Exercise
Please transcribe the data that follows exactly as given, leaving out every picture.

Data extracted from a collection
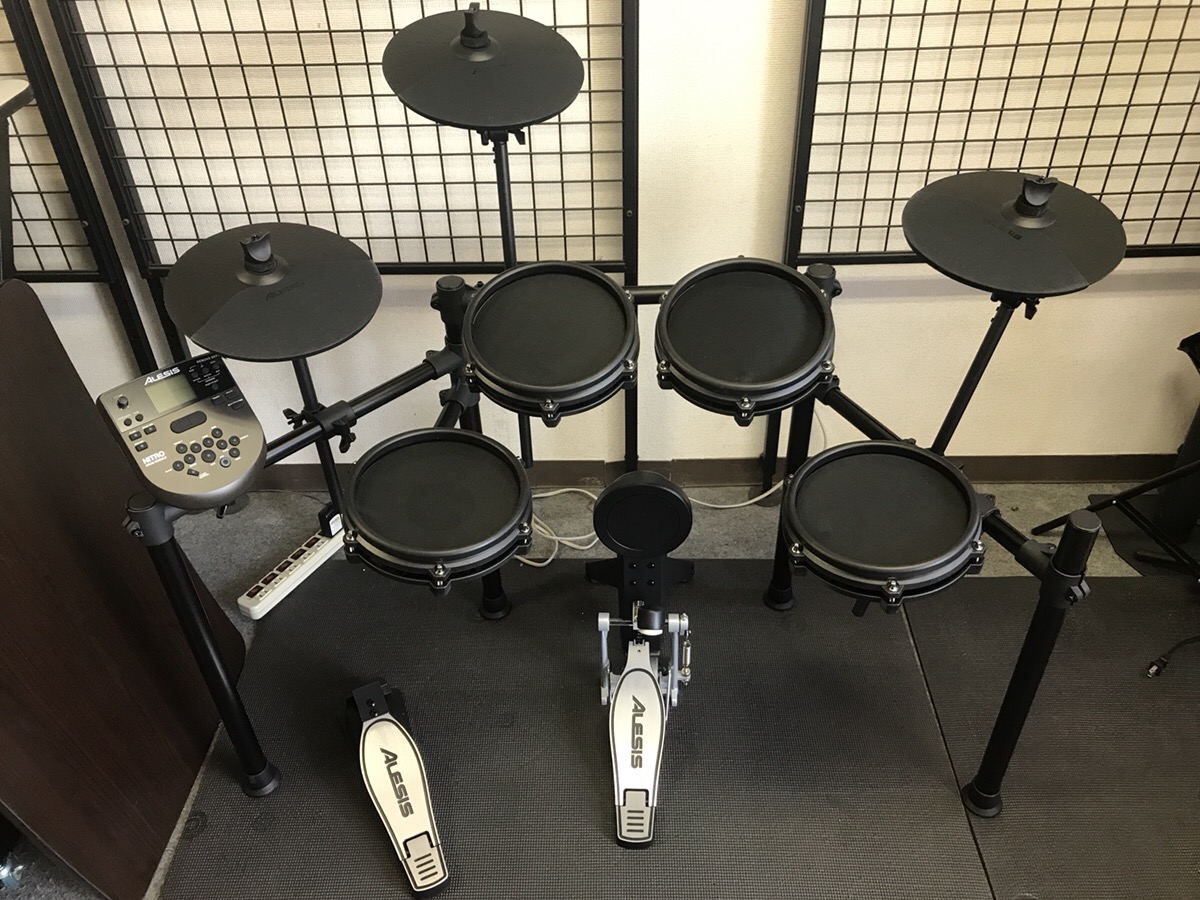 大好評です ALESIS アレシス NITRO MESH KIT 電子ドラム セット econet.bi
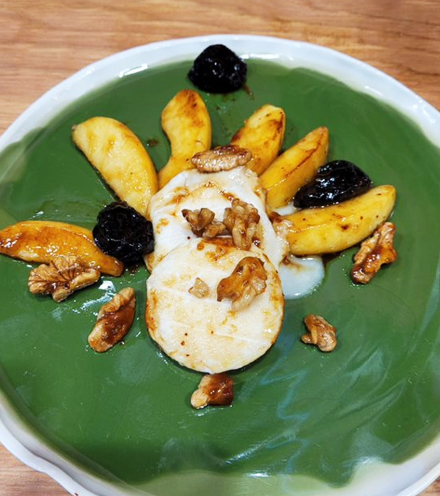 Cabécou du Périgord aux pommes caramélisées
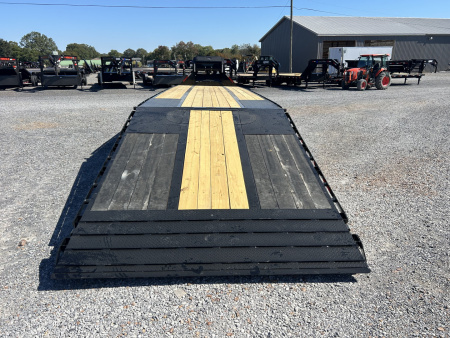 New 2026 MAXXD Gooseneck Trailer | 40' x 102' 30K GVWR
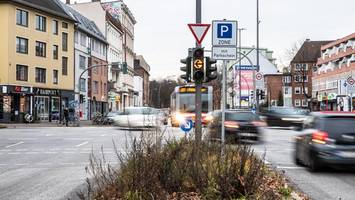 Fußgänger an Max-Brauer-Allee von Auto erfasst und schwer verletzt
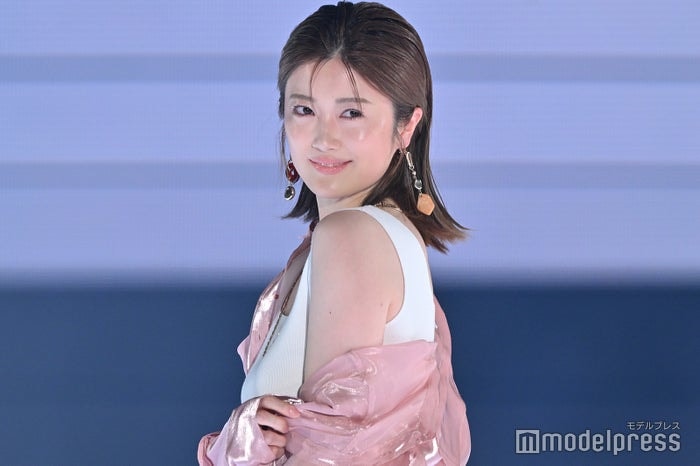 樋口日奈、美脚際立つミニスカオフショット「スタイル良すぎ」「どの角度も美しい」と反響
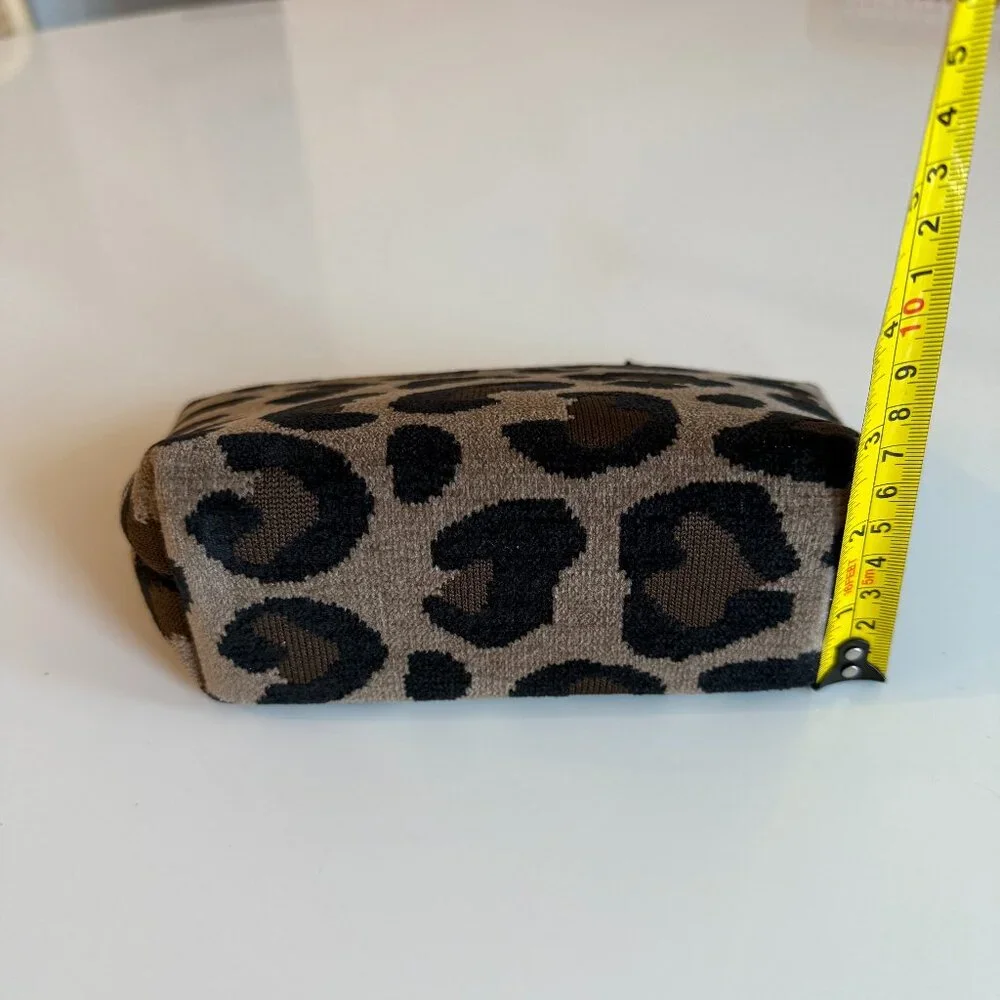 Rothy's Petite Pouch - ReVelvet™ Cat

Task answer
 大好評です ALESIS アレシス NITRO MESH KIT 電子ドラム セット econet.bi
 Cabécou du Périgord aux pommes caramélisées
 New 2026 MAXXD Gooseneck Trailer | 40' x 102' 30K GVWR
 Fußgänger an Max-Brauer-Allee von Auto erfasst und schwer verletzt
 樋口日奈、美脚際立つミニスカオフショット「スタイル良すぎ」「どの角度も美しい」と反響
 Rothy's Petite Pouch - ReVelvet™ Cat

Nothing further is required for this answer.